A lot of conversations about AI coding agents focus on obvious failures: hallucinated APIs, broken tests, bad assumptions, or code that simply does not run.
But I think one of the bigger problems is quieter: the agent completes the task, the app still works, the tests may even pass, but the repo is now more disordered than it was before.
That is repo drift. Or, more specifically: repo entropy.
It shows up as bloated files, duplicate helpers, cosmetic modularity, stale scaffolding, local patches that solve one surface while creating inconsistency somewhere else, and custom under-the-hood code that works around the framework instead of working with it.
This is one of the biggest sources of drift I see in AI-assisted development.
The agent is not automatically an expert in your software
Developers often assume that if an AI coding agent is working inside a repo, it understands the software stack the way an experienced maintainer would. But that is not always true.
The agent may know a framework in a general sense. It may have seen thousands of examples. It may be good at producing plausible code quickly. But that does not mean it knows the current version of the framework, the repo’s actual architecture, the project’s preferred patterns, the latest official guidance, the existing abstractions, which files are canonical, which patterns are deprecated, or how the software “wants” to be extended.
That last point matters more than people think. Every mature stack has a grain. There is a way the framework expects state, routing, forms, validation, assets, tests, configuration, and data flow to move through the system.
When an agent does not follow that grain, it often starts inventing custom code to bridge gaps it does not understand. That custom code may solve the immediate task, but it creates drift.
A coding agent usually does not create drift because it is trying to be reckless. It creates drift because it is trying to be helpful with incomplete grounding.
It sees a problem and patches around it. It sees a missing helper and creates one. It sees an awkward interface and adds another layer. It sees a failing test and adjusts the test. It sees a framework constraint and writes custom logic instead of checking whether the framework already has a native path for that problem.
Each move can look reasonable locally. The danger is the accumulation.
One helper becomes three. One workaround becomes a pattern. One bloated file becomes the place where everything gets added. One “temporary” scaffold becomes part of the architecture.

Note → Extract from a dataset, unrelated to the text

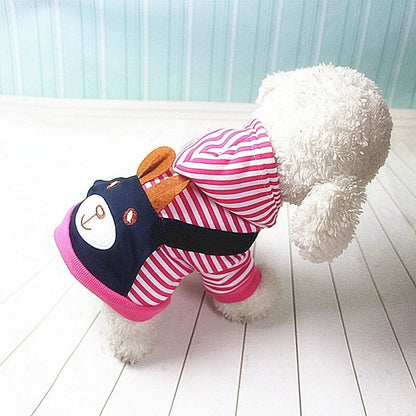 Fashion Striped Pet Dog Clothes - Simply Great Gear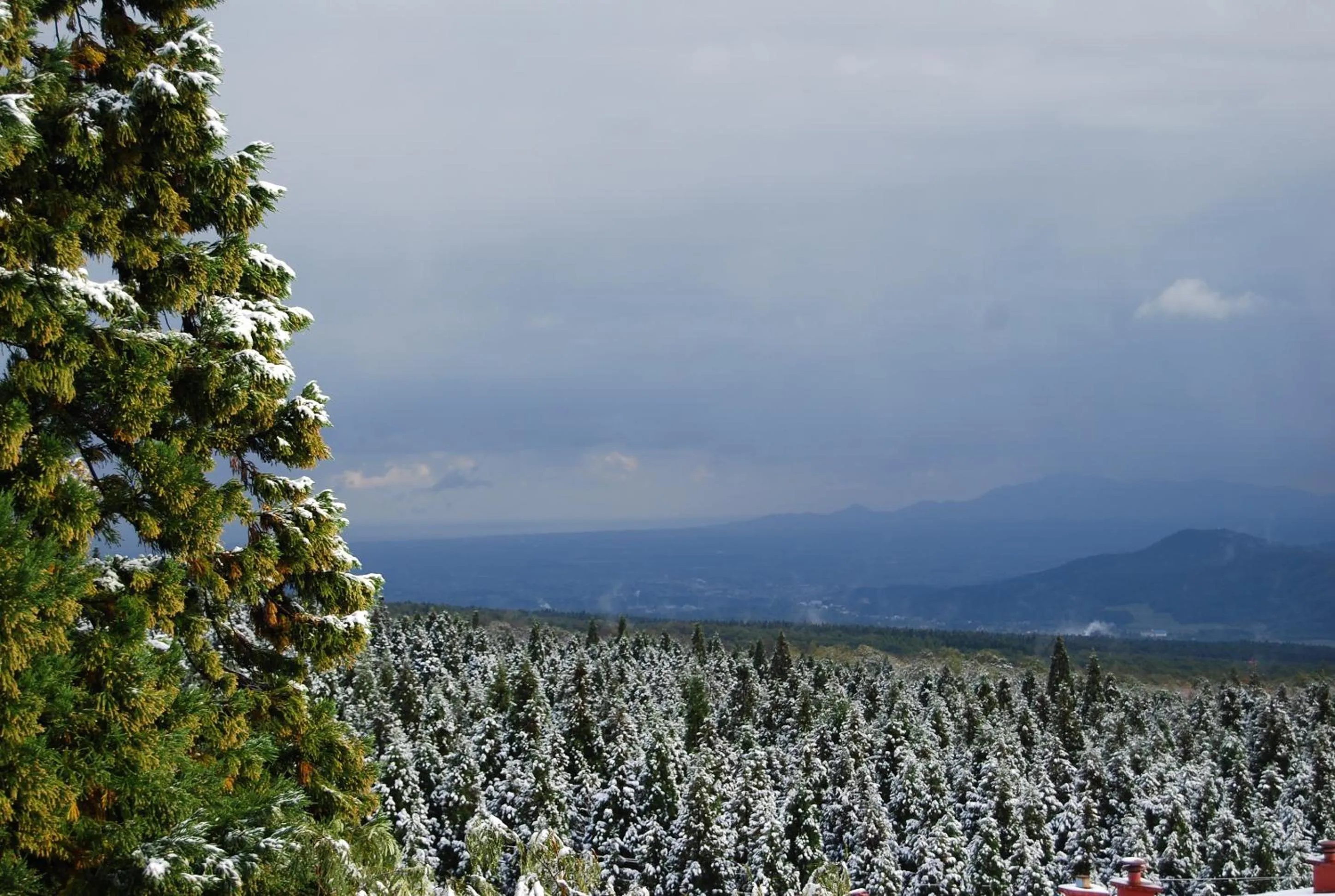 Natural landscape in Kogakuro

This is how a repo slowly stops matching its own design.
Better prompts help, but they are not enough. The bigger repair is forcing the agent to work from the repo’s actual baselines.
Not vague instructions like: "Use best practices"
But concrete guidance like:
A lot of drift can be avoided simply by updating the coding agent to work within the software’s actual benchmark guidance instead of letting it improvise.
In other words: do not let the agent invent the architecture if the software already has one.
This is the distinction I keep coming back to. An agent can complete a task and still make the repo worse.
It can fix the bug and bloat the file. It can pass the test and weaken the design. It can add a feature and duplicate an existing abstraction. It can satisfy the prompt and violate the project’s baseline.
So the question should not only be:
Did the agent finish?
It should also be:
Did the repo become more trustworthy or more entropic after the agent touched it?
That is where I think the next layer of AI-assisted development has to go: not just more autonomous agents, longer context, or better code generation, but better repo-local supervision.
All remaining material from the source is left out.